Mit der U-Bahn ging es zurück zum Flughafen und dort schnell in den Anschlussflug, der die Gruppe nach San Sebastián brachte, den Ausgangspunkt ihrer Wanderung auf dem Camino del Norte.

Die Nacht im Hostel war kurz, am nächsten Morgen begann nach einem Frühstück direkt am Meer die viertägige Wanderung. Eigentlich sollte diese rund 100 Kilometer und viele Höhenmeter hinauf und hinunter komplett zu Fuß und immer entlang des mit dem markanten gelben Pfeil und der Jakobsmuschel gekennzeichneten Weges führen. Doch die auch fürs spanische Baskenland ungewöhnliche Hitzewelle, einige gesundheitliche Probleme und das doch teilweise sehr bergige und schwierige Geläuf führten dazu, dass jeweils nur ein Teil der Strecke wandernd zurückgelegt und stets ein paar Kilometer mit den öffentlichen Verkehrsmitteln überbrückt wurden.

Atemberaubende Orte

Busse und Züge fahren selbst im abgelegensten Hinterland und auch an Sonn- und Feiertagen im Stundentakt und bedienen selbst die entlegensten Bergdörfer, sodass dies kein Problem darstellte und die Gruppe vor einigen Schwierigkeiten bewahrte. Was sich den Teilnehmerinnen und Teilnehmern in diesen vier Tagen an Landschaft bot, war atemberaubend: einsame Strände, steile Abhänge, dichte Wälder, weitläufige Felder, Naturschutzgebiete und geologische Parks.
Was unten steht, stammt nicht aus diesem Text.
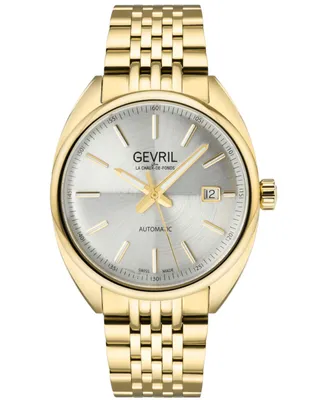 Gevril Men's Five Points Swiss Automatic Ion Plating Gold-Tone Stainless Steel Bracelet Watch 47.5mm - Gold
Übernachtet wurde stilecht in Herbergen und damit in Schlafsälen, sodass das echte Jakobsweg-Pilgergefühl aufkam. Die Bevölkerung zeigte sich durchweg sehr gastfreundlich und hilfsbereit, und so gab es viele nette Begegnungen, bei denen manch ein Schüler sein Spanisch erfolgreich ausprobieren konnte.

Die Schülerinnen und Schüler erlebten auch so einiges an spezifisch baskischen Eigenheiten und Bräuchen, angefangen von der baskischen Sprache, die keine Verwandtschaft mit irgendeiner anderen bekannten Sprache aufweist, bis hin zum Brauch der Stierhatz durch ein Dorf und zu baskischen Volkstänzen, die am Jakobstag aufgeführt wurden.
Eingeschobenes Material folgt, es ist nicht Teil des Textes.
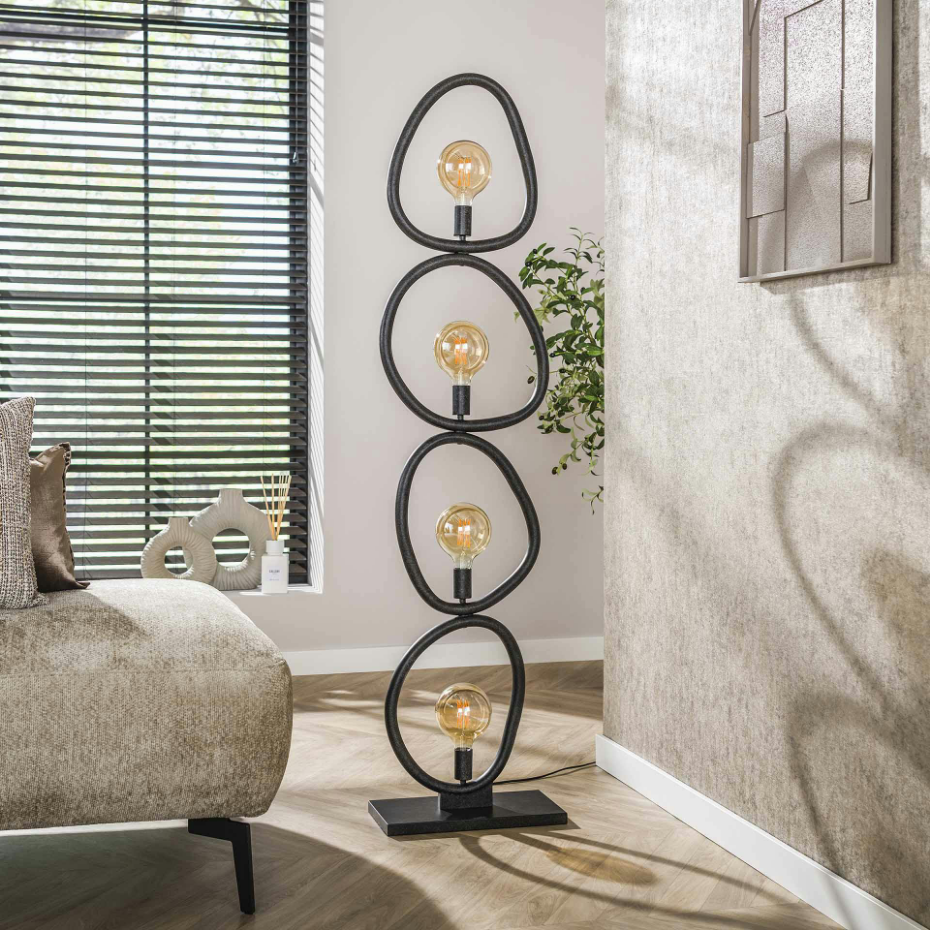 Lampadaire salon noir – forme galet, 4 ampoules TRIBECA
Den Abschluss der eindrücklichen Reise bildete ein halber Tag in Bilbao, einer tollen Stadt, die die Teilnehmerinnen und Teilnehmer wiederum begeisterte. Viele nutzten den Aufenthalt nicht nur zum Bummeln, sondern auch zu einem Besuch des beeindruckenden Guggenheim-Museums. Und natürlich besuchte die gesamte Gruppe die Jakobs-Kathedrale, um dem Patron dieser Reise in Form einer mittelalterlichen Statue ihre Reverenz zu erweisen.

Zurück in die Heimat

Die Heimreise am letzten Tag war erneut nicht frei von Aufregung, da ein Teil der Gruppe durch einen Fehler der Airline zunächst auf Standby gesetzt worden war und somit um ihre Sitzplätze bangen musste. Zudem streikte in München das Bodenpersonal der Lufthansa.
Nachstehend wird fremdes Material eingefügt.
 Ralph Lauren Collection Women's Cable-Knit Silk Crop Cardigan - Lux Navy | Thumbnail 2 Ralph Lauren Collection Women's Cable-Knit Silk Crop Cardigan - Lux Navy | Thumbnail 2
Doch erneut klappte nach einiger Aufregung alles. Auch die Zugfahrt ging diesmal wieder bis nach Marktredwitz. So kamen alle zwölf erschöpft, aber mit den vielfältigsten neuen Eindrücken und dem Gefühl nach Hause, eine ganz besondere, ja einzigartige Schulfahrt erlebt zu haben. Die Gruppe hatte bei allen Abenteuern und spontanen Planänderungen hervorragend zusammengehalten, Starke hatten Schwächere unterstützt, und so haben alle wirklich einen guten Weg zurückgelegt, denn dieser Wunsch begleitet jeden Jakobspilger: Buen camino!